Projet de loi Réponses immédiates aux phénomènes troublant l'ordre public
commission des lois
N°COM-60
4 mai 2026
(1ère lecture)
(n° 472 )
AMENDEMENT
présenté par
M. BENARROCHE, Mme Mélanie VOGEL, M. DANTEC, Mme de MARCO, MM. DOSSUS, FERNIQUE et GONTARD, Mme GUHL, MM. JADOT et MELLOULI, Mmes OLLIVIER et PONCET MONGE, M. SALMON et Mmes SENÉE et SOUYRIS
ARTICLE ADDITIONNEL APRÈS ARTICLE 9
Après l’article 9
Insérer un article additionnel ainsi rédigé :
Après l’article 78-2-5 du code de procédure pénale, il est inséré un article 78-2-… ainsi rédigé :
« Art 78-2-…. – Les contrôles d’identité réalisés en application du présent chapitre donnent lieu, sous peine de nullité, à l’établissement d’un document mentionnant :
« 1° Les motifs justifiant le contrôle ainsi que la vérification d’identité ;
« 2° Le fondement juridique du contrôle ;
« 3° Le lieu du contrôle et l’annonce d’une suite éventuelle ;
« 4° Le jour et l’heure à partir desquels le contrôle a été effectué ;
« 5° Le matricule de l’agent ayant procédé au contrôle ;
« 6° Les observations de la personne ayant fait l’objet du contrôle.
« Ce document est signé par l’intéressé ; en cas de refus de signer, mention en est faite. Un double est remis à l’intéressé.
« Un procès-verbal retraçant l’ensemble des contrôles est transmis au procureur de la République selon des modalités déterminées par voie réglementaire. »
Objet
Le présent amendement du groupe Écologiste - Solidarité et Territoire vise à instaurer un dispositif de traçabilité des contrôles d’identité via un récépissé de contrôle d’identité.
Le contrôle d’identité ne fait aujourd’hui l’objet d’aucune traçabilité systématique. En dehors des cas où il débouche sur une procédure ou sur un refus d’obtempérer au sens de l’article 78-3, aucun document n’atteste de sa réalisation, de ses motifs ou de l’identité de l’agent qui l’a effectué.
Selon la Commission consultative des droits de l’homme, les forces de l’ordre ont un pouvoir d’appréciation extrêmement étendu sur l’opportunité de contrôler ou non une personne. Le Défenseur des droits reconnaissait que l'enchaînement systématique des contrôles d’identité revenait à généraliser, dans certaines zones du territoire, des pratiques de contrôle d’identité discrétionnaires.
Les contrôles d’identité abusifs ou discriminatoires sont une réalité quotidienne pour bon nombre de personnes en France. Le contrôle au faciès fait qu’un même individu peut être contrôlé "trois ou quatre fois" dans la même semaine. Cette pratique a pour effet de générer des tensions entre les forces de l’ordre et la population.
La Cour de cassation, le 9 novembre 2016, avait rappelé qu’un contrôle d’identité fondé sur des caractéristiques physiques associées à une origine réelle ou supposée, sans aucune justification objective préalable, est discriminatoire : il s’agit d’une faute lourde qui engage la responsabilité de l’État.

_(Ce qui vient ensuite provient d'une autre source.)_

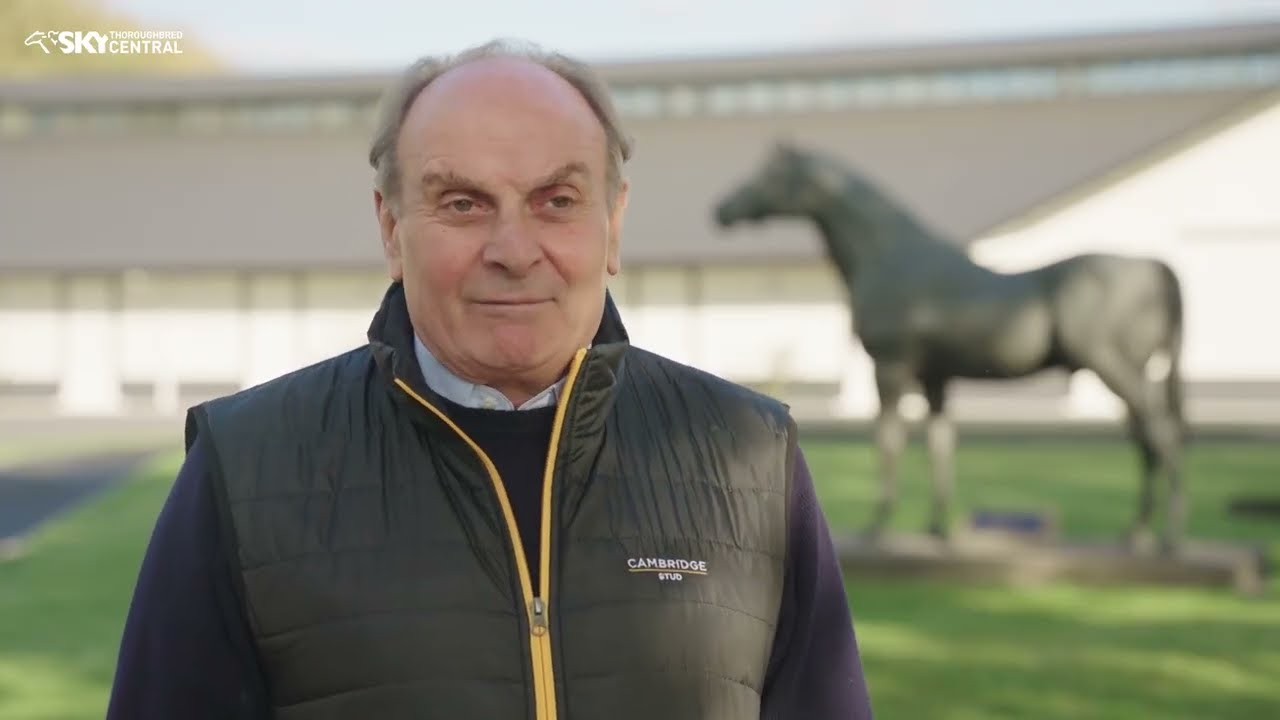 CAMBRIDGE STUD - CHALDEAN IN 2024 - BRED TO WIN EP 4 2024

Le Conseil constitutionnel avait rappelé également que “la pratique de contrôles d’identité généralisés et discrétionnaires est incompatible avec le respect de l a liberté individuelle”

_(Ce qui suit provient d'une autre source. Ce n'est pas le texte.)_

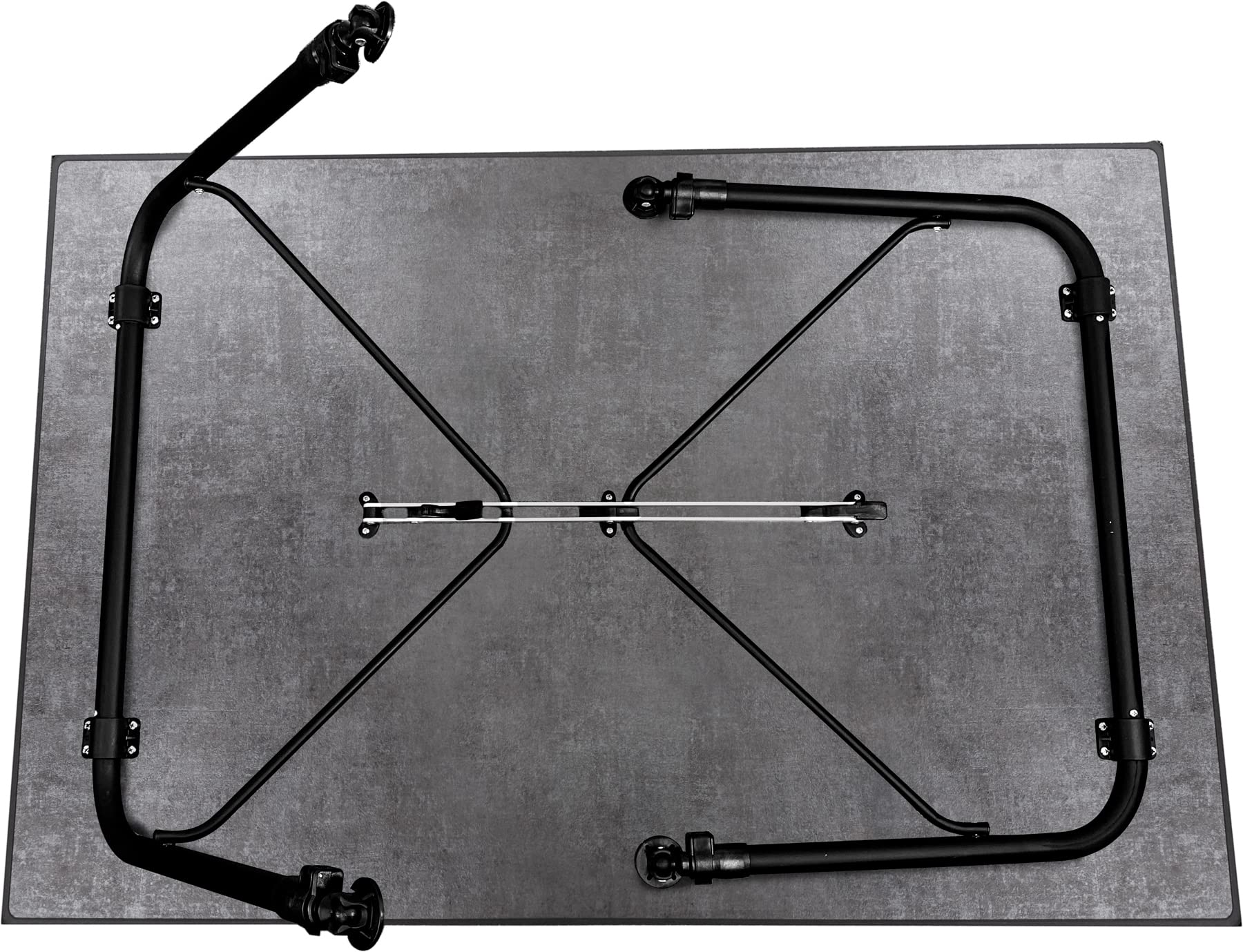 Brunner Recreo 100 tavolo da campeggio 100x68 cm regolabile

La Commission nationale consultative des droits de l’homme (CNCDH) ainsi que la Défenseure des droit recommande, pour lutter contre ces pratiques abusives, la mise en place d’un “système de traçabilité des contrôle d’identité” par le biais de la remise d’un récépissé à l’usager après chaque contrôle d’identité. Cette mesure est défendue par des associations depuis plusieurs années. Si elle ne constitue pas la solution miracle pour lutter contre les discriminations, elle est un moyen pour limiter la latitude importante dans la sélection des personnes à interpeller, et permet d’évaluer la pertinence de l’interpellation.
Afin d’assurer l’effectivité du droit au recours, de prévenir les discriminations et de renforcer la transparence des contrôles d’identité, notre groupe propose en conséquence d’instaurer un récépissé pour tous les contrôles d’identité.